Problem to solve: Your answer must hold only the lines below from the line containing "Toilet Paper Basket" through the line containing "Girls Black Glitter", each reproduced exactly.

Data for the task:
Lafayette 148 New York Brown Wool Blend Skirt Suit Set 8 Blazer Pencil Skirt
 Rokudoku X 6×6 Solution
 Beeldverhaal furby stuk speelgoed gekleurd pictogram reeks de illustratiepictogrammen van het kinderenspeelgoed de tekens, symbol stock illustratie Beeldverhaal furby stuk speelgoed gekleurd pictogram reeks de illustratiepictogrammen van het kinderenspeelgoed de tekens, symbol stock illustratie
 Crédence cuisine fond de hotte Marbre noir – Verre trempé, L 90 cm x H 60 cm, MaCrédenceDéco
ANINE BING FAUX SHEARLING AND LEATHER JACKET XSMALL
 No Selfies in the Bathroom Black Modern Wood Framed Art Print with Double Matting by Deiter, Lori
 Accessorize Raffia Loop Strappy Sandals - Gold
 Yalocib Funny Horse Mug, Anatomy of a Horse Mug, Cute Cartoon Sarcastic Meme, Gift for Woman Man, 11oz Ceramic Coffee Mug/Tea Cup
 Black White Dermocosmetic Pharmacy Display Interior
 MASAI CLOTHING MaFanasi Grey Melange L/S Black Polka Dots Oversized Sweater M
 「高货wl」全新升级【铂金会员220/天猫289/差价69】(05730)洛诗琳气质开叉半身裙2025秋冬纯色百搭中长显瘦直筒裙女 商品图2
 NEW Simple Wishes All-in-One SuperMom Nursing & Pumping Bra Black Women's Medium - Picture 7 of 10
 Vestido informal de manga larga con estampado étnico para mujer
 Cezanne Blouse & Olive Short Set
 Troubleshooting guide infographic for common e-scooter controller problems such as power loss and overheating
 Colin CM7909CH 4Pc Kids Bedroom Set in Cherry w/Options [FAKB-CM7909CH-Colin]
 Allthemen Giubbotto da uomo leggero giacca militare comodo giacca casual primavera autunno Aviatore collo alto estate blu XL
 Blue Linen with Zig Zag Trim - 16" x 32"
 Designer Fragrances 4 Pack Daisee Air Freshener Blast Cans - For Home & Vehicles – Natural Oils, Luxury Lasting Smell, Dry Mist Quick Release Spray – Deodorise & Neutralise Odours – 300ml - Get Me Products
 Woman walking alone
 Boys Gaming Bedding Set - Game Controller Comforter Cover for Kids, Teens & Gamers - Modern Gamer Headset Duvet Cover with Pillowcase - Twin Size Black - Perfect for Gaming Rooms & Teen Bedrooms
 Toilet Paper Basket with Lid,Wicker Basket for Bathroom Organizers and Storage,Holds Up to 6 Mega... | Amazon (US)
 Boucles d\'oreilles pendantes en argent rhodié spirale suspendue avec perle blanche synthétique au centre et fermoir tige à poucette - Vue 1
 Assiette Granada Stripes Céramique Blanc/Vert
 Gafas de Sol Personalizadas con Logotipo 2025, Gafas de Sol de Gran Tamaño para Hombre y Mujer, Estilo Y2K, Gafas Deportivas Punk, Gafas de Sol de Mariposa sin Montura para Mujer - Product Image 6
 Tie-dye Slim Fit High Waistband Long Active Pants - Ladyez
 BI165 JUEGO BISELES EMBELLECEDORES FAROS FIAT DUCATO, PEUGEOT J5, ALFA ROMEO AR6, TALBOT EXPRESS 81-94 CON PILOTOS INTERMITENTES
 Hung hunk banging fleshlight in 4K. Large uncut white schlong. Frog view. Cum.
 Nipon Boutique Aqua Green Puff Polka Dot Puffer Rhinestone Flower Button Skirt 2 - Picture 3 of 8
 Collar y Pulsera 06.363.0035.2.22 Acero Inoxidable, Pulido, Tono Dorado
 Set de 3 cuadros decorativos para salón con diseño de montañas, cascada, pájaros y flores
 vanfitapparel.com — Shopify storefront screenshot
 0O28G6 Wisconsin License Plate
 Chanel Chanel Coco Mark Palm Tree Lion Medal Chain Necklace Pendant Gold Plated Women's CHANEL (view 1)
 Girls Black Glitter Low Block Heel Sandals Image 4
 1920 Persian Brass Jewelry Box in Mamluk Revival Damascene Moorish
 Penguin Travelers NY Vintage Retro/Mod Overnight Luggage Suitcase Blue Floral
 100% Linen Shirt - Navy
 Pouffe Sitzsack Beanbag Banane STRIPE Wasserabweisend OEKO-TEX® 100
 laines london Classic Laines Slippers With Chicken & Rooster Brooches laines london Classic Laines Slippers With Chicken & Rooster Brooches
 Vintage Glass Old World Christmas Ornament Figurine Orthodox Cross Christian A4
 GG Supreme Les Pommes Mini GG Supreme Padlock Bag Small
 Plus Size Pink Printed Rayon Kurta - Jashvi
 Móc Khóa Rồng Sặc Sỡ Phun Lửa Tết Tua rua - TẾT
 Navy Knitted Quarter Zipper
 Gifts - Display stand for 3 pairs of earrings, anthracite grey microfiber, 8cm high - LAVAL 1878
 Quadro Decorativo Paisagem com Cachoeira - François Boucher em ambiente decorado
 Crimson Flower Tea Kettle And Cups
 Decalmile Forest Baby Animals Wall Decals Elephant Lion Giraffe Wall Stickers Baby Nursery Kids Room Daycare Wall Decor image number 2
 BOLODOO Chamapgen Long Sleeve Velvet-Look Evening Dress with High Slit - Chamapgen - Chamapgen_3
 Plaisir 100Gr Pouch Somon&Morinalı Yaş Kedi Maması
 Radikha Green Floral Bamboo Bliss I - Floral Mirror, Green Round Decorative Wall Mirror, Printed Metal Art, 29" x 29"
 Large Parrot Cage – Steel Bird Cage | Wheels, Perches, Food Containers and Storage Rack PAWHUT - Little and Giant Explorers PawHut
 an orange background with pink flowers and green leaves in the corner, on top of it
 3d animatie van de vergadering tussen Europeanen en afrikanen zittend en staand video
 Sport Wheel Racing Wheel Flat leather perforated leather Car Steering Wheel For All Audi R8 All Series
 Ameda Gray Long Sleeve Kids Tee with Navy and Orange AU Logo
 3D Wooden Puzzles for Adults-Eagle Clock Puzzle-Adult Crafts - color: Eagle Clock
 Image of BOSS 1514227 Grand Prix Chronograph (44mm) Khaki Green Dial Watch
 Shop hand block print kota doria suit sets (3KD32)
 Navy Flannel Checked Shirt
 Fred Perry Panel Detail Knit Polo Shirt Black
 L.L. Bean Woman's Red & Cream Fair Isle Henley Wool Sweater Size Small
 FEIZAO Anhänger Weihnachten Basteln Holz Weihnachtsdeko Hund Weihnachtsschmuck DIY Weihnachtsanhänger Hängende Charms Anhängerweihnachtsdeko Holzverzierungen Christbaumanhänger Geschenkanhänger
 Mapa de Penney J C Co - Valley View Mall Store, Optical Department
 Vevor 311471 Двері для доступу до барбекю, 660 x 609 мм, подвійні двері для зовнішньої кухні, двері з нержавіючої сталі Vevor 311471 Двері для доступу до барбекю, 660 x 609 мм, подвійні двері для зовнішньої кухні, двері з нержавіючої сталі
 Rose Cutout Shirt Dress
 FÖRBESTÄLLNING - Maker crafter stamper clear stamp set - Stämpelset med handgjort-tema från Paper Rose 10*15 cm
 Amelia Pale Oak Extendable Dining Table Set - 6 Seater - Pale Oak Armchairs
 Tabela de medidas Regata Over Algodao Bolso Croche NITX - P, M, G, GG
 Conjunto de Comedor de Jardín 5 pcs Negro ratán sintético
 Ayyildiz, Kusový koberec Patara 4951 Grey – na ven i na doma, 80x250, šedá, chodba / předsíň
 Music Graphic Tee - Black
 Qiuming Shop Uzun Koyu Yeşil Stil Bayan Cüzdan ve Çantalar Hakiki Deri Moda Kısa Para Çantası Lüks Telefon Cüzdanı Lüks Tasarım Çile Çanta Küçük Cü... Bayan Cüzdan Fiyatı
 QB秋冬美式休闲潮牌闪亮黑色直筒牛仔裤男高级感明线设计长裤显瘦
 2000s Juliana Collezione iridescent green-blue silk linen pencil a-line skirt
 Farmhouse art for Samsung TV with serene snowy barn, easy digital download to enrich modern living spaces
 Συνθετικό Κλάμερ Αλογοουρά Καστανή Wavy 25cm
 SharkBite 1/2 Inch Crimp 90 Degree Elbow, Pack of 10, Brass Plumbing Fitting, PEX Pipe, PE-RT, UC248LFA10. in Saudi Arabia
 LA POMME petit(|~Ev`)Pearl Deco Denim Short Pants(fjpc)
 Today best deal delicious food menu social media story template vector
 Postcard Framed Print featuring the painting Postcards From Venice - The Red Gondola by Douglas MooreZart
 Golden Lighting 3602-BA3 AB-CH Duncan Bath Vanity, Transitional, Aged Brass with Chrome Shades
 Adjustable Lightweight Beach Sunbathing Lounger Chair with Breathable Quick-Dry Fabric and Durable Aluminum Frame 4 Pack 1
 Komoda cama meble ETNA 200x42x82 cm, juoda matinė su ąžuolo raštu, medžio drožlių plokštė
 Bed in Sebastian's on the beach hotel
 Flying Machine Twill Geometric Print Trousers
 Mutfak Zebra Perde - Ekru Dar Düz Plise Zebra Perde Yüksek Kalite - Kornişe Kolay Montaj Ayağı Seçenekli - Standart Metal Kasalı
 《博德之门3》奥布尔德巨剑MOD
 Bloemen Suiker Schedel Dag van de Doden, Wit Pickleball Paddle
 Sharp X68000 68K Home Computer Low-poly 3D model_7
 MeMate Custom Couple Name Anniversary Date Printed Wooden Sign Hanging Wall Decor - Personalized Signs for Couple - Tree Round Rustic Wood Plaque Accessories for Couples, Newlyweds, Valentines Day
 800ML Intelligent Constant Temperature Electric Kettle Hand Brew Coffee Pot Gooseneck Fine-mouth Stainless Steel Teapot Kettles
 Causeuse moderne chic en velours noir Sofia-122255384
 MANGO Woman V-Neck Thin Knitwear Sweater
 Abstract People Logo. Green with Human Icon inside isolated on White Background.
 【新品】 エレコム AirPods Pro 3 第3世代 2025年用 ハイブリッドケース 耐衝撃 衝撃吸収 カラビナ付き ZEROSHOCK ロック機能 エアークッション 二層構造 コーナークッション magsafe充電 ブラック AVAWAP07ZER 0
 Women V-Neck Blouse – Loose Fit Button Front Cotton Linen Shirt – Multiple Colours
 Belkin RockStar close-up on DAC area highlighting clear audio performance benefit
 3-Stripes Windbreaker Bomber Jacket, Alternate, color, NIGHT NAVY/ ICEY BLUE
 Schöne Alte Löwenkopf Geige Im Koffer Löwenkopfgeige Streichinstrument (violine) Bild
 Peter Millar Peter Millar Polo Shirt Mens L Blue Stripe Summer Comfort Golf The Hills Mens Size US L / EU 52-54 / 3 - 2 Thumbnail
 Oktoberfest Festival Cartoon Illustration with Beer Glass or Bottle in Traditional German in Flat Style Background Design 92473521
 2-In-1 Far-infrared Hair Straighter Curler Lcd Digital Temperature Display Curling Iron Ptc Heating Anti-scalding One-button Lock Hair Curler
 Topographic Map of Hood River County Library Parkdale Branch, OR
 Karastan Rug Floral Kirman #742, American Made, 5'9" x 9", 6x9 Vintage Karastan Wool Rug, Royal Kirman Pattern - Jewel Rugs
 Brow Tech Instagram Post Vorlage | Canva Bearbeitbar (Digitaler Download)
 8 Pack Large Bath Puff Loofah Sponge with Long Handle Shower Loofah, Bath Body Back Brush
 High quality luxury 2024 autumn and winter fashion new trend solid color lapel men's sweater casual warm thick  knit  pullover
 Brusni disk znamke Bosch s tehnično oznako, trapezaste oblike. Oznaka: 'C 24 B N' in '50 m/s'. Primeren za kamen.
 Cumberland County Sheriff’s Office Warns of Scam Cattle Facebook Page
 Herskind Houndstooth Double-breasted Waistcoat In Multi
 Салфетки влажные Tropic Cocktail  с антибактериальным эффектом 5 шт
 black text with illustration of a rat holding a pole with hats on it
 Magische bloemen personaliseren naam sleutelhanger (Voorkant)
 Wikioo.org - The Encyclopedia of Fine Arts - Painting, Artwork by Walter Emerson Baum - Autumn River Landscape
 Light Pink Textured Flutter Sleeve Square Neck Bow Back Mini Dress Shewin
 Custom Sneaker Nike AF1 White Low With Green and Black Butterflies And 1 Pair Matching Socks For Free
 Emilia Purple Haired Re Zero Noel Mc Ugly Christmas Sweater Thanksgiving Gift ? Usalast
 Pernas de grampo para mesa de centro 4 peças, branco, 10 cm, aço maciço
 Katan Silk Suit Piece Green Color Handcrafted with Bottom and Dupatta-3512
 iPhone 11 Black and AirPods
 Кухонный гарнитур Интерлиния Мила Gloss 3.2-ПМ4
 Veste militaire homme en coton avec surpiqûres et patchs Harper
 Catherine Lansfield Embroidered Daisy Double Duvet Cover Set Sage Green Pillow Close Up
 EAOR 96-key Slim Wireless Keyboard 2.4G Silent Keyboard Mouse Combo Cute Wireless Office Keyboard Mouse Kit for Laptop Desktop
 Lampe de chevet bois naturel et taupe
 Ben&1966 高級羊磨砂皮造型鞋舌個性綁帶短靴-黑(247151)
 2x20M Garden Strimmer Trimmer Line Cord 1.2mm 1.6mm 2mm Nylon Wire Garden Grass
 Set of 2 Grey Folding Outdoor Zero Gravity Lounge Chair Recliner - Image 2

Exercise result:
 Toilet Paper Basket with Lid,Wicker Basket for Bathroom Organizers and Storage,Holds Up to 6 Mega... | Amazon (US)
 Boucles d\'oreilles pendantes en argent rhodié spirale suspendue avec perle blanche synthétique au centre et fermoir tige à poucette - Vue 1
 Assiette Granada Stripes Céramique Blanc/Vert
 Gafas de Sol Personalizadas con Logotipo 2025, Gafas de Sol de Gran Tamaño para Hombre y Mujer, Estilo Y2K, Gafas Deportivas Punk, Gafas de Sol de Mariposa sin Montura para Mujer - Product Image 6
 Tie-dye Slim Fit High Waistband Long Active Pants - Ladyez
 BI165 JUEGO BISELES EMBELLECEDORES FAROS FIAT DUCATO, PEUGEOT J5, ALFA ROMEO AR6, TALBOT EXPRESS 81-94 CON PILOTOS INTERMITENTES
 Hung hunk banging fleshlight in 4K. Large uncut white schlong. Frog view. Cum.
 Nipon Boutique Aqua Green Puff Polka Dot Puffer Rhinestone Flower Button Skirt 2 - Picture 3 of 8
 Collar y Pulsera 06.363.0035.2.22 Acero Inoxidable, Pulido, Tono Dorado
 Set de 3 cuadros decorativos para salón con diseño de montañas, cascada, pájaros y flores
 vanfitapparel.com — Shopify storefront screenshot
 0O28G6 Wisconsin License Plate
 Chanel Chanel Coco Mark Palm Tree Lion Medal Chain Necklace Pendant Gold Plated Women's CHANEL (view 1)
 Girls Black Glitter Low Block Heel Sandals Image 4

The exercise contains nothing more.